You can run the above example with `cabal run readme-disruptor-example`.

A couple of things we could change to highlight the features we mentioned in the

above section:

  1. Add a second consumer that saves the event to disk, this consumer would be

     slower than the current one which logs to the terminal, but we could use

     buffer up events in memory and only actually write when the end of batch

     flag is set to speed things up;

  2. We could also shard depending on the sequence number, e.g. have two slower

     consumers that write to disk and have one of them handle even sequence numbers

     while the other handles odd ones;

  3. The above producer writes one event at the time to the ring buffer, but

     since we know at which sequence number the last consumer is at we can

     easily make writes in batches as well;

  4. Currently the producer doesn't apply any back-pressure when the ring buffer

     is full, in a more realistic example where the producer would, for example,

     create events from requests made to a http server we could use

     back-pressure to tell the http server to return status code 429 (too many

     requests);

  5. If we have one consumer that writes to the terminal and another one that

     concurrently writes to disk, we could add a third consumer that does

     something with the event only if it has both been logged and stored to disk

     (i.e. the third consumer depends on both the first and the second).

### How it works

The ring buffer is implemented using a bounded array, it keeps track of a

monotonically increasing sequence number and it knows its the capacity of the

array, so to find out where to write the next value by simply taking the modulus

of the sequence number and the capacity.

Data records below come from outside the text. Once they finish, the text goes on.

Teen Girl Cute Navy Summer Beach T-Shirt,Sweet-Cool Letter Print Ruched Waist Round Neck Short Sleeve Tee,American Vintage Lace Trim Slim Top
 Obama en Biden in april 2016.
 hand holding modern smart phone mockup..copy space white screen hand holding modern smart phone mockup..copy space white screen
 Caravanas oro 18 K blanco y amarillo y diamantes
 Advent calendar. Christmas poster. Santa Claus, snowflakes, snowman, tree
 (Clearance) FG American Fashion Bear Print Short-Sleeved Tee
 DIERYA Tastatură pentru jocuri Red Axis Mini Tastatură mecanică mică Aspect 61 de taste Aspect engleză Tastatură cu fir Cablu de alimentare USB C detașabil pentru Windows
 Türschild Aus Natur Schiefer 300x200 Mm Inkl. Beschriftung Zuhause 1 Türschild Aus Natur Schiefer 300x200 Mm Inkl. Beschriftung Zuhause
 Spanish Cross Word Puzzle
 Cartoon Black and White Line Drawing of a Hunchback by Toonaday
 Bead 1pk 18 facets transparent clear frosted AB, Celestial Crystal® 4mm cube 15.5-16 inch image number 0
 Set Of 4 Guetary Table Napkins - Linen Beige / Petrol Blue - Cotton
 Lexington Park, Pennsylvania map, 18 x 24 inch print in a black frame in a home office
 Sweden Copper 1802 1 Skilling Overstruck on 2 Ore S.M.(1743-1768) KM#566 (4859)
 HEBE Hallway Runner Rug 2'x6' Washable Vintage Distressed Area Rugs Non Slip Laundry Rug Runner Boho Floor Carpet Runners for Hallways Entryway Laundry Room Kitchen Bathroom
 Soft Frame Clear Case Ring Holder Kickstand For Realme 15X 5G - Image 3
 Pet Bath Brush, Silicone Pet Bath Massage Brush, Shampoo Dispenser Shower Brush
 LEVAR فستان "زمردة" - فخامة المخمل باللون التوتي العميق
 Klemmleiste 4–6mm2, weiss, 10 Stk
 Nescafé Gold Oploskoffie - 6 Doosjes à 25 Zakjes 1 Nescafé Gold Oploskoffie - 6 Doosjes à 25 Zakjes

This has several advantages over

traditional queues:

  1. We never remove elements when dequeing, merely overwrite them once we gone

     all way around the ring. This removes write

     [contention](https://en.wikipedia.org/wiki/Resource_contention) between the

     producer and the consumer, one could also imagine avoiding garbage

     collection by only allocating memory the first time around the ring (but we

     don't do this in Haskell);

  2. Using an array rather than linked list increasing

     [striding](https://en.wikipedia.org/wiki/Stride_of_an_array) due to

     [spatial

     locality](https://en.wikipedia.org/wiki/Locality_of_reference#Spatial_and_temporal_locality_usage).

The ring buffer also keeps track of up to which sequence number its last

consumer has consumed, in order to not overwrite events that haven't been handled

yet.

This also means that producers can ask how much capacity left a ring buffer has,

and do batched writes. If there's no capacity left the producer can apply

back-pressure upstream as appropriate.

Consumers need keep track of which sequence number they have processed, in order

to avoid having the ring buffer overwrite unprocessed events as already

mentioned, but this also allows consumers to depend on each other.

When a consumer is done processing an event, it asks the ring buffer for the

event at its next sequence number, the ring buffer then replies that either

there are no new events, in which case the consumer applies it wait strategy, or

the ring buffer can reply that there are new events, the consumer the handles

each one in turn and the last one will be have the end of batch flag set, so

that the consumer can effectively batch the processing.

### Performance

Our Disruptor implementation, which hasn't been optimised much yet, is about 2x

slower than LMAX's Java version on their single-producer single-consumer

[benchmark](https://github.com/LMAX-Exchange/disruptor/blob/master/src/perftest/java/com/lmax/disruptor/sequenced/OneToOneSequencedThroughputTest.java)

(1P1C) (basically the above example) on a couple of years old Linux laptop.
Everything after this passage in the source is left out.